That is correct, although I agree with the GP that it's a bit unclear. My preferred practice for this is to put the underscore at the end, so it would be make_ and asdict_


> In functional languages this is called "destructuring assignment".

I thought it's just called pattern matching. Most functional languages don't have assignment and have bindings instead.


"Pattern matching", in the context of functional programming languages, most often refers to the complex combination of destructuring bind and conditional control flow based on which binding succeeded.

This article describing the Python feature of multiple assignment demonstrates only the destructuring assignment (assignment, because it is Python and these variables can be reassigned). There is no control flow tied to this operation, except for the exceptions that can be thrown when the LHS and RHS have incompatible structure.

Clojure is another example of a language with destructuring binding that is not tied to a control flow construct. Clojure functions and `let` bindings can use a destructuring syntax to bind to elements in a data structure. There is no tightly-linked control flow structure that goes along with this binding mechanism. It is my understanding that there are several libraries available that implement pattern matching, but I do not use these.

Most often, when I have seen pattern matching described to an audience with a background in imperative languages, it is compared to a super-powered switch statement. This gives the impression that the important part is the control flow. Languages such as Python and Clojure show that there is inherent value in the destructuring assignment/bind, even out of the context of control flow.


I would argue that destructuring is a special case of pattern matching.


IOW, the match/case tool can pattern match and destructure at the same time. Som uninterestingly, it is possible to do only one of those things:

Iterator unpacking:

    first, *middle, last = t
is similar to a match/case with a sequence pattern:

    match t:
        case first, *middle, last:
            ...
The former works for any iterable and the latter requires a sequence. The former raises an error for a non-iterable and the latter just skips the case for a non-sequence. Otherwise, they are similar.

However, arguing that one is a special case of the other misses the entire point of structural pattern matching. We would almost never substitute the latter for the former.
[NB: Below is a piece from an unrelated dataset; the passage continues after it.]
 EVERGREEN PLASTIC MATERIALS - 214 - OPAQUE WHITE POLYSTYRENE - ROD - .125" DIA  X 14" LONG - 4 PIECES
They mostly live in different worlds because we use them and think about them much differently:

    # Something that would work but they we don't do
    for item in somedict.items():    
        match item:
            case [key, value]:
                 print(key.upper())
                 print(value)
                 print()
            case _:
                 raise RuntimeError('unexpected kind of item')

    # What we actually do
    for key, value in somedict.items(): 
        print(key.upper())
        print(value)
        print()
Sorry for the small rant, but I think this pedantic point isn't a useful line of thinking. That concepts and implementation have some overlap but should occupy a different concept maps in our brains — very much like the idea that dicts can do set-like things but that we're better off thinking about dicts as doing lookups and sets as doing uniquification, membership-testing, and set-to-set operations.


one step at a time people will realize mainstream imperative programming and its derivative has been a long waste of time


I don't think that's a valid conclusion here at all.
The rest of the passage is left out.